- _About this exercise_
The line containing "Stop aux idées" and every line after it to the end of the records: set those down exactly, without any pictures.

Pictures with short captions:
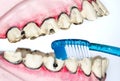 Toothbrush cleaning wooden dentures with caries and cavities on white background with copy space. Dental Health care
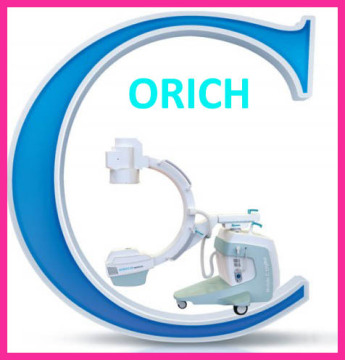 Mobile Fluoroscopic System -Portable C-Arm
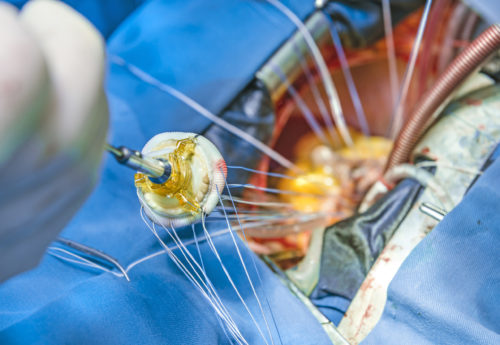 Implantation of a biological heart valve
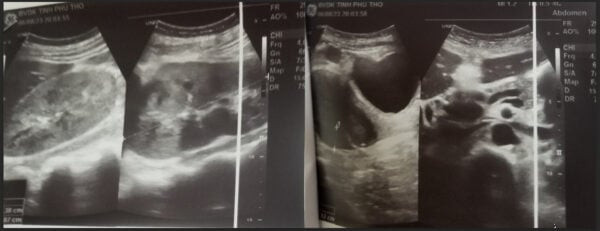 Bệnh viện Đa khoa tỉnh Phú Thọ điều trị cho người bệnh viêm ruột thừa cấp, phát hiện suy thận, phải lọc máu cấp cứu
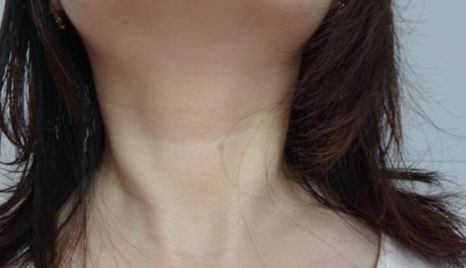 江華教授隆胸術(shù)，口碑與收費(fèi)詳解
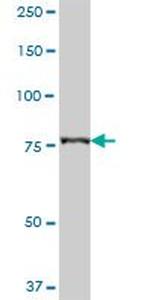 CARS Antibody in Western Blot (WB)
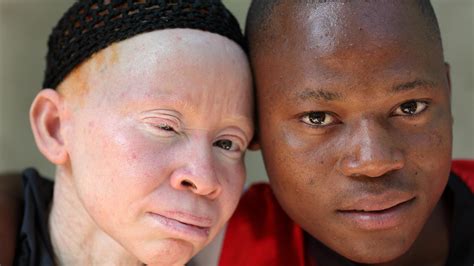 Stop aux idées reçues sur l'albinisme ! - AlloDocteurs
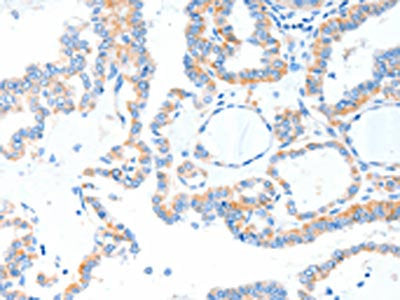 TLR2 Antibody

- _Answer to the exercise_
 Stop aux idées reçues sur l'albinisme ! - AlloDocteurs
 TLR2 Antibody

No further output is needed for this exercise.